É estranho que desejos democráticos sejam considerados perigosos, diz Judith Butler em SP

Alvo de protestos mesmo antes de chegar ao país, a filósofa norte-americana Judith Butler participou na manhã desta terça (7) do seminário internacional “Os fins da democracia”, em São Paulo, organizado pelo Convênio Internacional de Programas de Teoria Crítica da Universidade da Califórnia em Berkeley e pelo Departamento de Filosofia da Usp em parceria com o Sesc.

Por Amanda Massuela e Helô D’Angelo, da Revista Cult 

Ainda que do lado de fora do Sesc Pompeia cerca de 70 pessoas carregassem cartazes e faixas com dizeres como “não à ideologia de gênero” e “meu filho, minhas regras”, do lado de dentro a discussão tinha como foco os rumos das democracias liberais na atualidade. Uma das principais teóricas dos estudos queer e de gênero, Butler exerce grande influência em outros campos teóricos e disciplinares como a Ética e a Filosofia Política.

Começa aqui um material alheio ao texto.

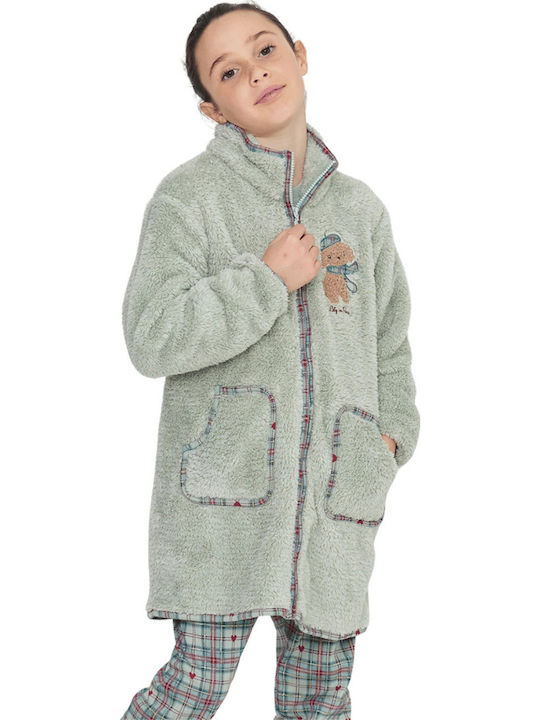 Noidinotte Παιδική Ρόμπα Χειμωνιάτικη Fleece Μέντα Noidinotte Παιδική Ρόμπα Χειμωνιάτικη Fleece Μέντα
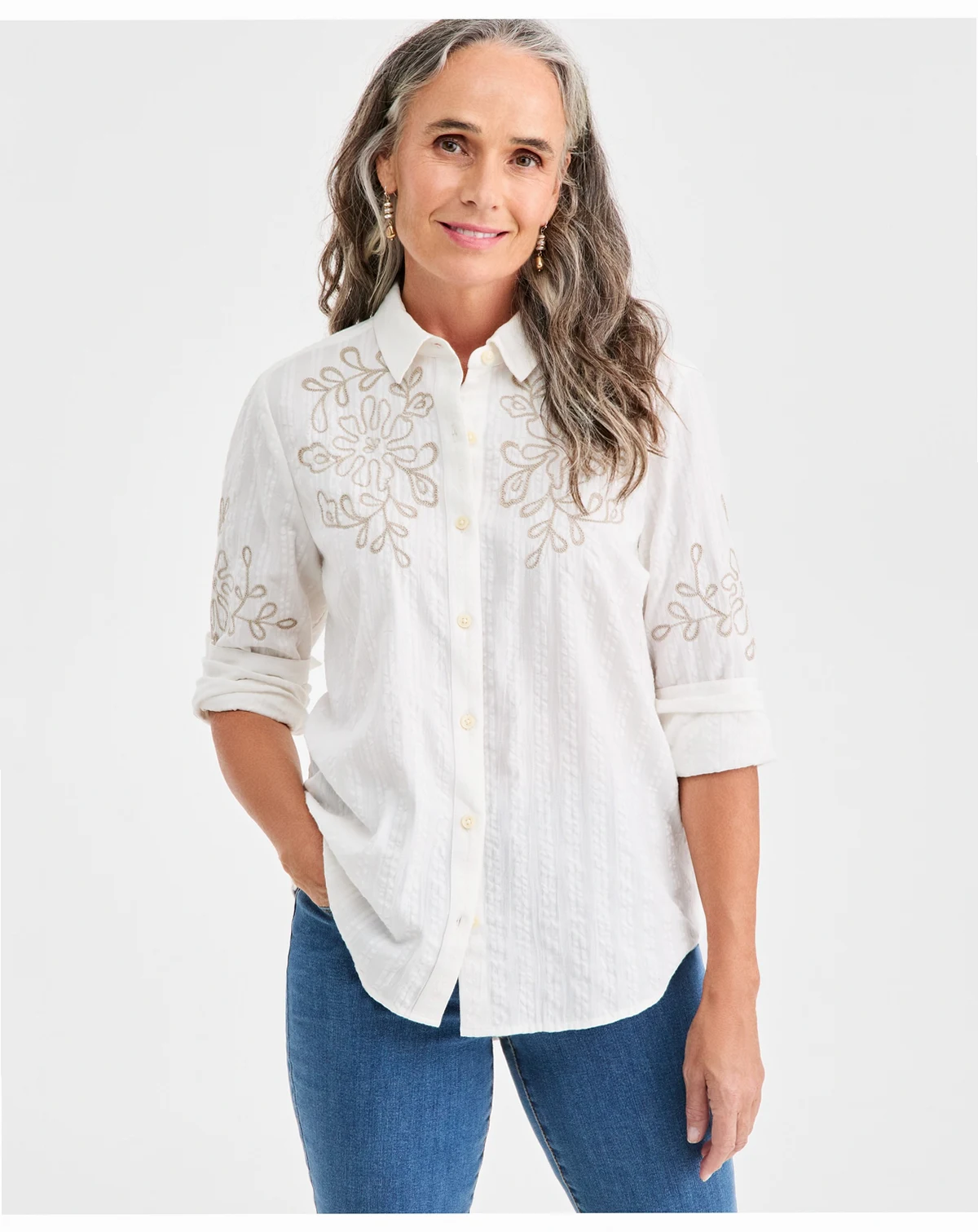 Petite 3/4-Sleeve Woven Button Shirt, Macy's Exclusive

“Se pensarmos a democracia como uma forma de governo que cujas leis e instituições refletem o desejo das pessoas, então elas devem ser livres para pensar e debater o conteúdo dessas leis e das instituições”, disse, durante a conferência de abertura, da qual também participaram Vladimir Safatle, da Usp, e Natalia Brizuela, de Berkeley. “E quando as pessoas são plurais e heterogêneas, isso significa que o pensamento deve se dedicar a conhecer e encurtar as distâncias entre elas. É estranho que esses desejos, que podemos chamar de democráticos, sejam considerados perigosos.”

Em frente ao Sesc, um grupo organizado pelos coletivos Além Das Sombras, Pompeia Sem Medo, Democracia Corintiana e Ocupe a Democracia defendia a filósofa. Usando um megafone, participantes falavam em prol da liberdade de expressão e gritavam “Fora, Temer” toda vez que o outro grupo gritava “Fora, Butler”. No final do ato, manifestantes atearam fogo em uma boneca de chapéu de bruxa e sutiã vermelho que tinha uma foto da filósofa colada no rosto.

É a segunda vez que Judith Butler vem ao Brasil. A primeira, em 2015 – quando esteve em São Paulo para participar do Seminário Queer, organizado pela CULT em parceria com o Sesc – já havia sido alvo de protestos, ainda que em menor escala. Recentemente, a filósofa afirmou à BBC Brasil que “a campanha em curso contra ela é um grande equívoco”.

“O conceito de gênero gera muito medo. É uma ideia muito mal compreendida e representada como caricatura. Até o papa Francisco condenou o ‘gênero como uma ideologia diabólica’”, disse.

Em sua curta fala na abertura do seminário internacional – do qual foi uma das organizadoras, e não convidada -, Butler não mencionou as polêmicas envolvendo a sua vinda, tampouco assuntos relacionados aos estudos de gênero. Falou sobre a função da teoria crítica neomarxista e sobre os caminhos da democracia.

“Talvez a democracia seja uma aspiração, talvez seja uma forma de governo, além de servir a ideais como igualdade, liberdade e justiça. A democracia é uma luta diária que requer um agrupamento do pensamento crítico dedicado a responder as forças que censuram as palavras, restringem a nossa liberdade, condenam nossos amores e reproduzem legados de violência e dominação”, afirmou.

Na noite desta segunda (6), Butler foi à Unifesp para o lançamento de seu novo livro, Caminhos divergentes: Judaicidade e crítica do sionismo, publicado pela Boitempo. Na quinta (9), ela encerra o seminário internacional “Os fins da democracia” junto de Vladimir Safatle.